Selasa, 13 Agustus 2024 di aula SMA Negeri 1 Karanganyar telah terlaksana kegiatan Pengimbasan Sekolah Sehat yang diselenggarakan oleh SMA Negeri 1 Karanganyar sebagai sekolah piloting berdasarkan Keputusan Menteri Pendidikan, Kebudayaan, Riset, dan Teknologi untuk menggerakkan sekolah sehat di satuan sekolah masing-masing dan pengimbasan terhadap sekolah lain.
Mochammad Joko
Ediyanto, S. Kom sebagai ketua pelaksana Program Sekolah Sehat menyampaikan
bahwa setelah mengikuti kegiatan Bimtek Sekolah Sehat, pada tanggal 5 juni 2024
di Jakarta. Dalam kegiatan tersebut sekolah yang ditunjuk menjadi Sekolah Sehat
menggerakkan sekolah sehat di satuan sekolah masing-masing dengan berfokus pada
sehat gizi, sehat fisik, sehat imunisasi, sehat jiwa, dan sehat di lingkungan
pendidikan. BSKAP (Badan Standar, Kurikulum, dan Asesmen Pendidikan) mengundang
SMA Negeri 1 Karanganyar untuk melaksanakan TKSI ( Tes Kebugaran Siswa
Indonesia) dan pengimbasan terhadap dua
sekolah, yaitu SMA Negeri Karangpandan
dan SMA Muhammadiyah 1 Karanganyar. Selasa - Rabu, 13 – 14 Agustus diadakan
kegiatan TKSI. Dalam TKSI sudah ada tes yang menjadi ukuran siswa memiliki
kesehatan dan kebugaran. Siswa yang sehat dan bugar menunjukkan semangat
belajar anak. Dan sekolah imbas melaksanakan TKSI di sekolah masing-masing dan
hasilnya di unggah di link yang disediakan oleh.
Dalam sambutannya,
Kepala SMA Negeri 1 Karanganyar, Drs. Sardiyo, M. Pd. Mengucapkan terima kasih dan selamat datang kepada SMA
Negeri Karangpandan dan SMA Muhammadiyah atas kehadirannya mengikuti desiminasi dan tes kebugaran. Untuk Kabupaten
Karanganyar, sekolah yang ditunjuk sebagai sekolah sehat, untuk jenjang SD,
dipilih SD Negeri Tawangmangu 2, jenjang SMP dipilih SMP Negeri 2 Karanganyar, jenjang
SMA SMK yang dipilih SMAN 1 Karanganyar ditunjuk menjadi sekolah piloting. Tugasnya selain kegiatan internal juga pada 2 sekolah setingkat, maka dipilih
SMA Negeri Karangpandan dan SMA Muhammadiyah 1 Karanganyar. Kesehatan dengan
pembelajaran saling memengaruhi, karena dengan anak yang sehat proses
pmbelajaran akan berjalan lebih efektif. Sebaliknya pengetahuan tentang
kesehatan akan membantu generasi calon pemimpin, generasi emas, bonus demografi
kita, menjadi generasi yang sehat dan tangguh. Pendidikan dipengaruhi oleh
kesehatan para peserta didik. Sudah terjadi pergeseran yang harus dikembalikan,
dulu 4 sehat 5 sempurna selalu digiatkan, sekarang tergeser dengan junkfood, instan.
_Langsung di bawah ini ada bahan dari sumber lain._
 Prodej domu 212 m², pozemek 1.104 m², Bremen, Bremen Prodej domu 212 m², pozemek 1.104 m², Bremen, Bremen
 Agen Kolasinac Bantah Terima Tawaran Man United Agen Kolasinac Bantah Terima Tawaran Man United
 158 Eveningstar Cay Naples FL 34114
Tes Kebugaran Siswa
Indonesia memberi kemanfaatan ilmu kesehatan dan membiasakan dalam kehidupan
sehari-hari dengan pola hidup sehat.
Pada kegiatan
tersebut, Sriyadi, S. Pd. memaparkan tentang tujuan TKSI untuk pemetaan
kebugaran peserta didik berdasarkan fase perkembangan/tahapan peserta didik
seiring dengan Kurikulum Merdeka. Personil yang terlibat dalam dalam
pemetaan kebugaran peserta didik fase EF (jenjang SMK/SMK sederajat), yaitu 1)
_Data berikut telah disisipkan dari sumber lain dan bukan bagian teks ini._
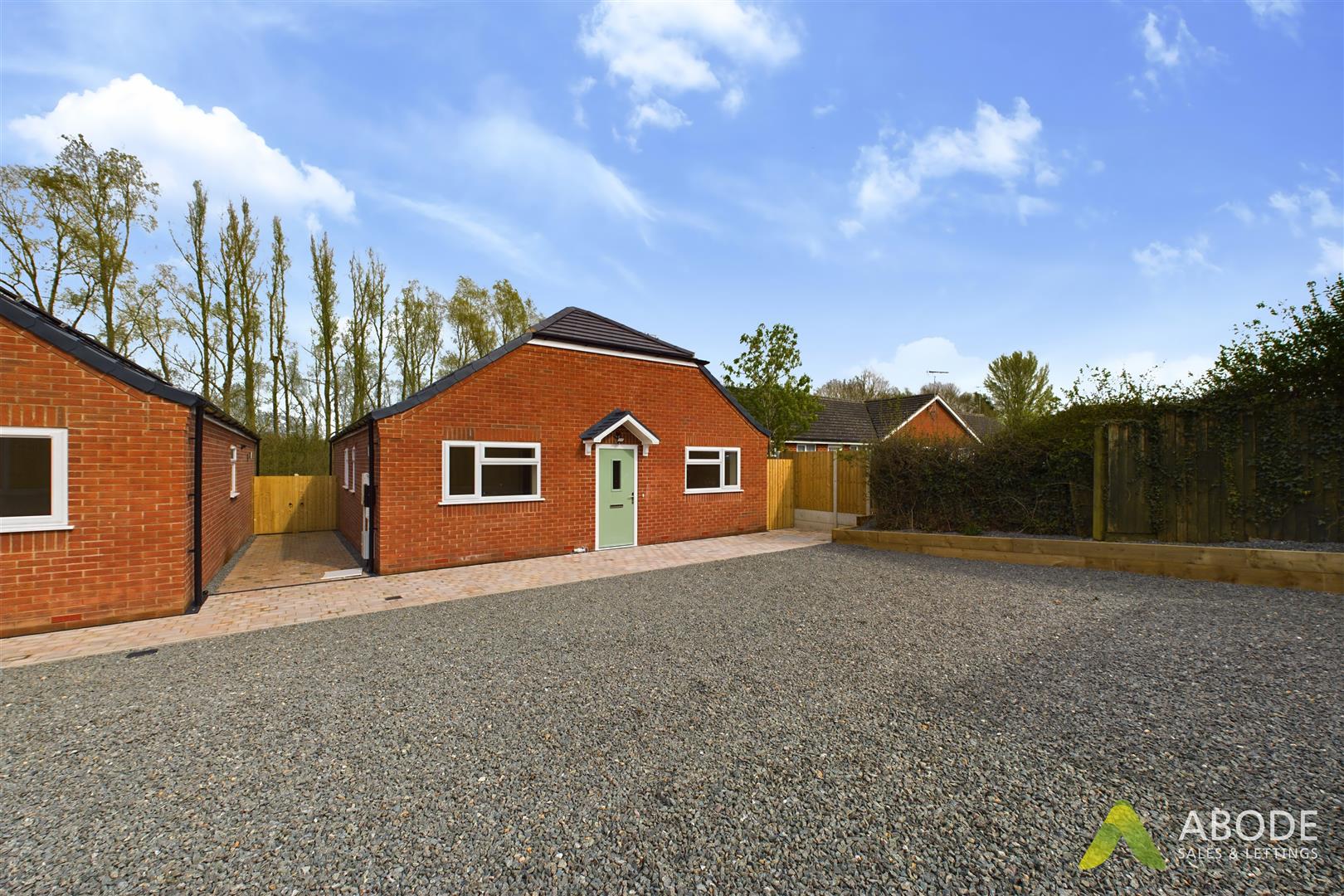 Bird Song Court, Uttoxeter, ST14 7AG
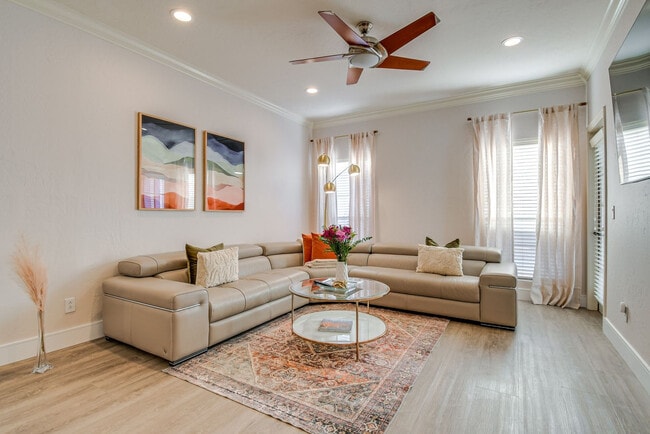 Photo - 14145 N 92nd St Unit SI FL1-ID1591308P
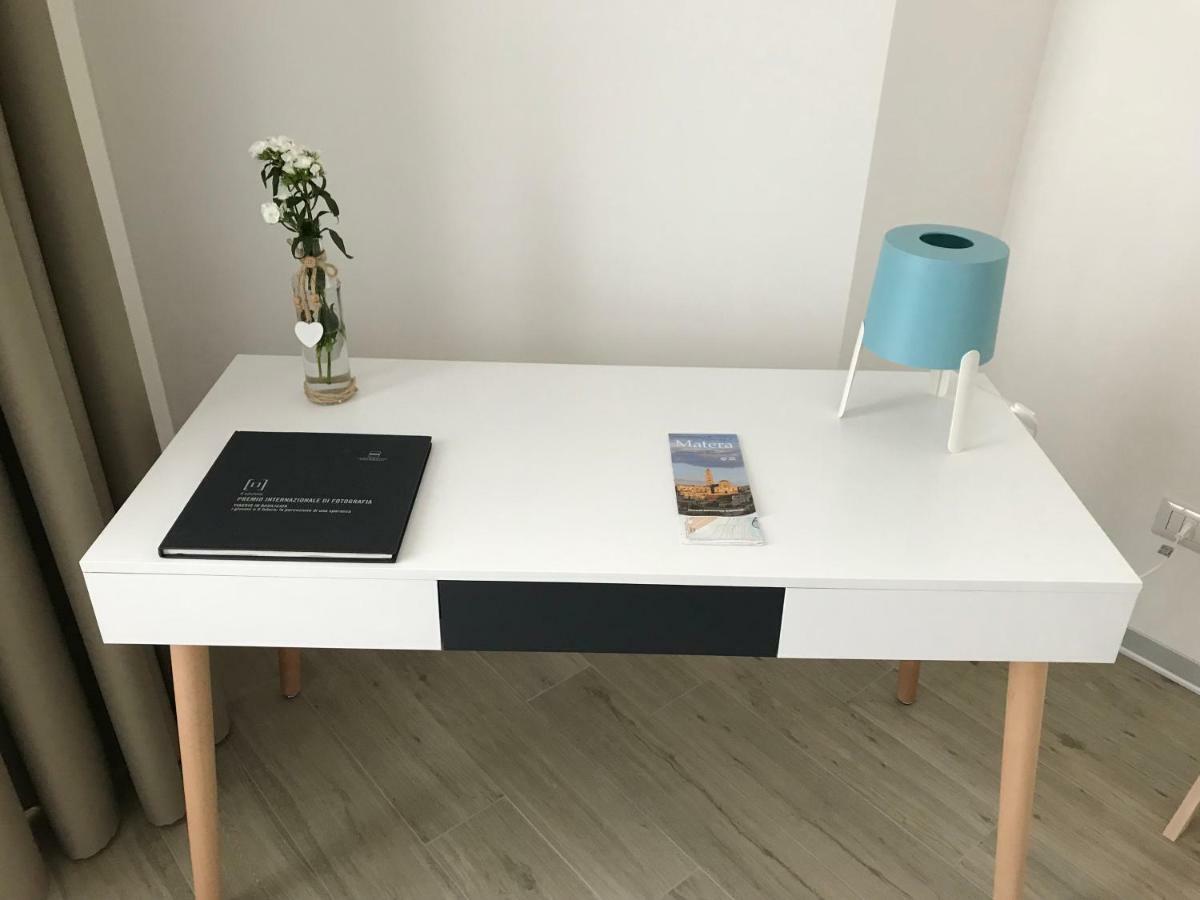 הוילה A Matera "Sotto I Pini" מראה חיצוני תמונה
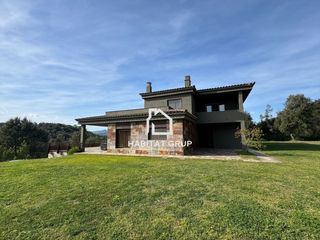 Casa en Bescanó. Casa en bescanó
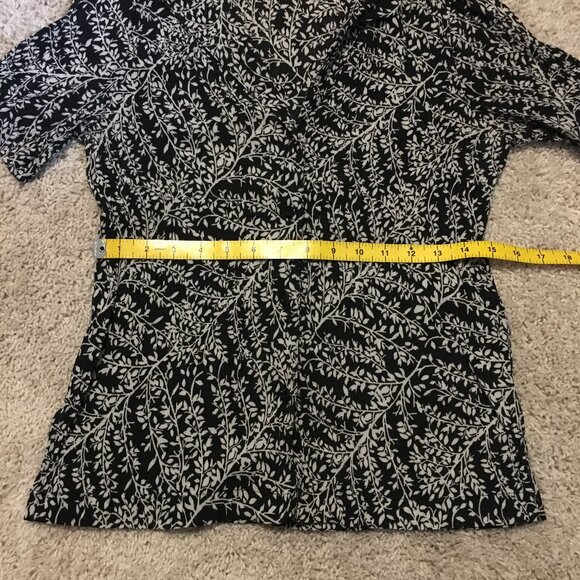 Outline Petite 90s Crepe Button Down Shirt - Picture 11 of 14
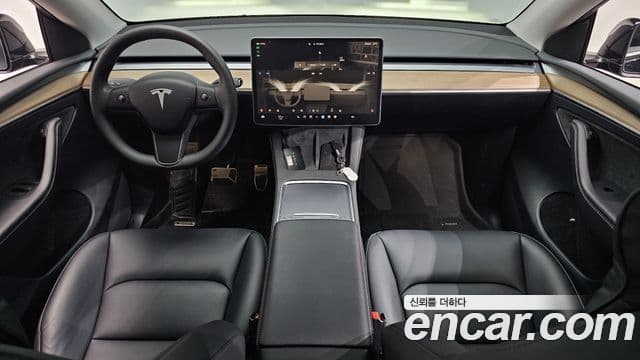 Tesla модель Y Long Range AWD, 2024 7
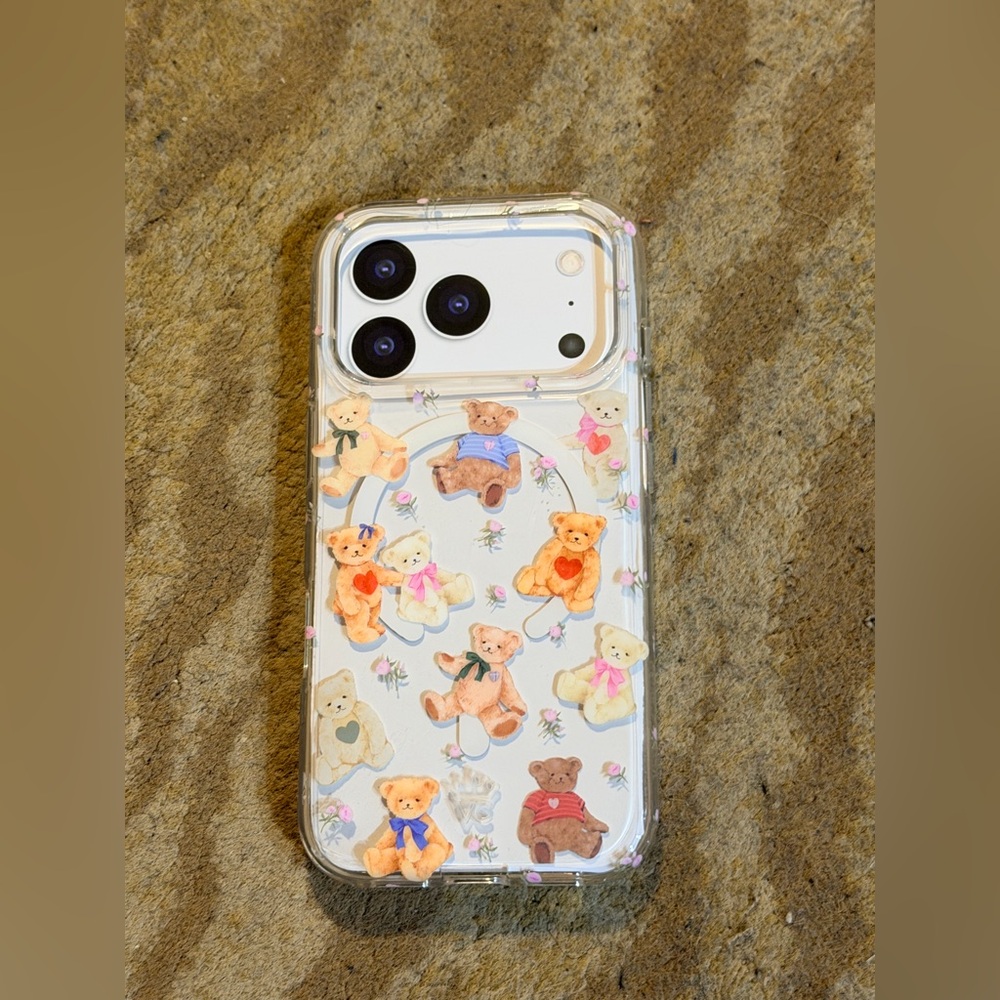 VELVET CAVIAR TEDDY BEAR 17 PRO CASE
peserta, merupakan siswa aktif yang sedang duduk di
kelas XI (sebelas), 2) tester, pendidik
atau tenaga kependidikan aktif pada satuan pendidikan pelaksana yang diberi
kewenangan mengampu mata pelajaran Pendidikan Jasmani, Olahraga, dan Kesehatan
(PJOK), dan 3) operator, merupakan pendidik
atau tenaga kependidikan pada satuan pendidikan pelaksana yang memahami
operasional computer. Pada jenjang SMA/SMK ini, subtes yang akan dipersiapkan
sarana prasarananya antara lain: 1) Hand Eye Coordination Test; 2) Standing
Broad Jump Test; 3) Dipping Test; 4) T-Test; dan 5) Bleep Test.
Program Sekolah
Sehat ini diharapkan bisa memetakan kebugaran peserta didik sehingga dapat
melihat tingkat kesehatan dan kebugaran peserta didik yang akan berdampak pada pembelajaran
di sekolah. Dan sekolah yang terimbas juga dapat melaksanakan program tersebut.